Even as we arrived the Bear roared defiance and the straw suddenly parted, revealing a disheveled and sweating Charles underneath. He shrugged the suit backwards and off, crying out in a very human voice, "Help me! Help me!"

Those who had attended other Halloweens in Low Ferry all knew where to look even before the fire flared to life. Behind the low graveyard wall was a sudden red glow, and a lithe body vaulted over the stone and ran across the graves, carrying a flickering torch made of rags dipped in pitch and wrapped around a long stick. He darted through the crowd, the flame trailing out behind him, and touched the torch to the Straw Bear costume as he ran past. It flared up bright, crackling merrily. The new Fire Man was good. He hadn't even broken stride.

He turned before he reached the bonfire wood and ran back again, leaping straight through the flame of the burning straw. The Fire Man's leggings were thick leather and he didn't wear a shirt which could have caught fire, so it was safe enough. Clearly at some point in our history the village had figured out that it was a good idea to keep the youths from setting themselves aflame, and had arranged a dress-code accordingly.

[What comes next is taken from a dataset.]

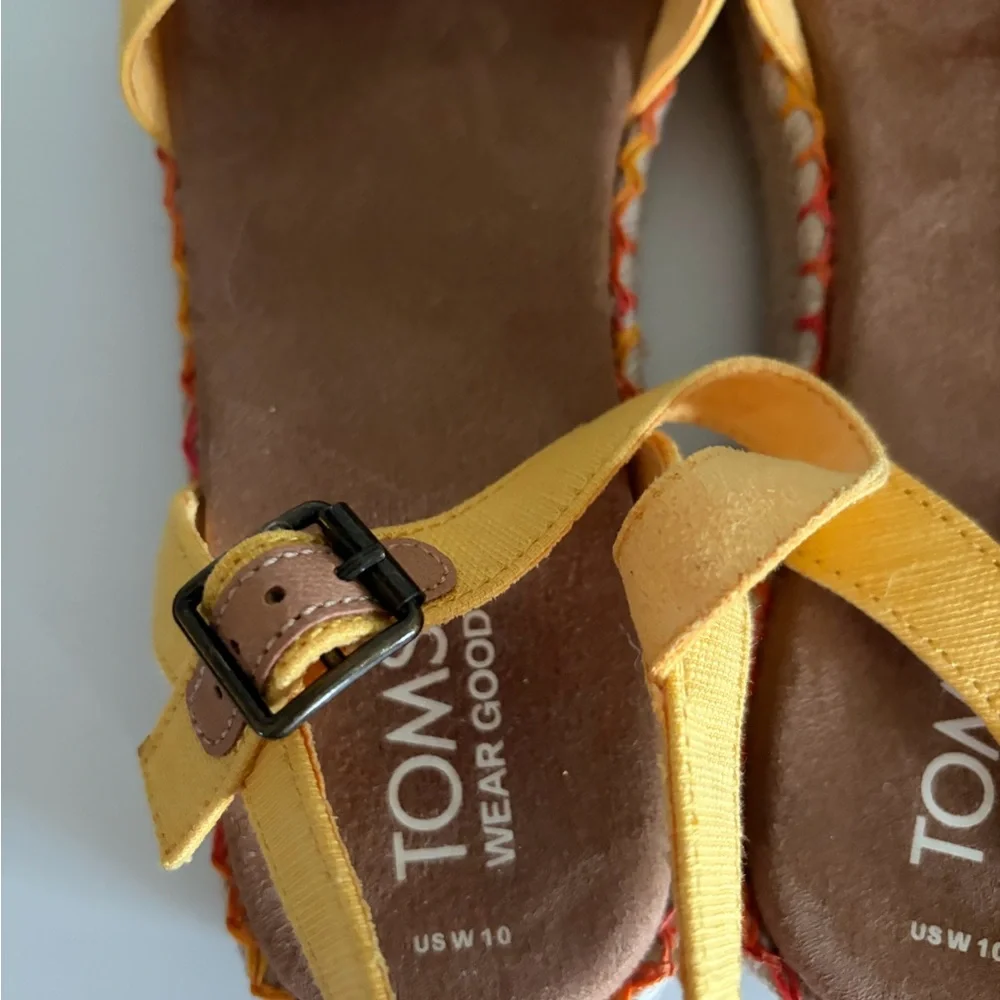 TOMS Yellow Cross-Front Espadrille Sandals with Ankle Strap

It was a wonderful sight, as it always is. The Fire Man's mask looked new, made of brilliant strips of red and orange silk stretched across a wire frame. It came to me as he jumped a second time, twirled and danced, and jumped across the flame again that I had seen that kind of mask in the workshop Lucas kept. Hard on the heels of that thought came the realization that Lucas was at the village revels after all.

He was the one leaping over and through the flaming remains of the Straw Bear's costume, the one laughing at the children who clapped and kept time for the dance steps on either side of the leaps. I recognized the cut of his hair and the visible shape of his chin and throat, even if I had never seen him move so quickly or smile so openly. He was different – no tension in his body, no hesitant looks or slouched shoulders.

My chest tightened further, but not with sentiment – it was still hard to breathe, even if I tried to inhale on the rhythm of the clapping hands and stamping feet. Lucas jumped the flame one last time and ran to the wood piled for the bonfire, throwing the torch into the center of it. The whole crowd burst into spontaneous applause as it exploded in light and heat. I was busy trying to get enough air in my lungs to call for help.

The problem was, in the end, that my heart had yet to stop beating triple-time since Charles ambushed me in the forest. I tried to keep up with the clapping, the shouting bounced around and around in my head, but I couldn't. I wanted to see the bonfire and see Lucas pull his mask off and pick a girl for the dancing, but everything was narrowing down to a pinprick of light. Pain was flaring in my chest and my throat felt like it was closing off.

It was in the middle of Low Ferry's oldest ritual, then, that it happened: my heart gave out entirely from the strain and shock and the blow I'd taken when I'd fallen.

To everyone's surprise, mine not least of all, I died.

***

Fortunately for me, it was a short death. Which is not to say that the process of dying was short (though that too) but rather the time I spent dead could be measured in minutes rather than on a scale of "now" to "judgment day".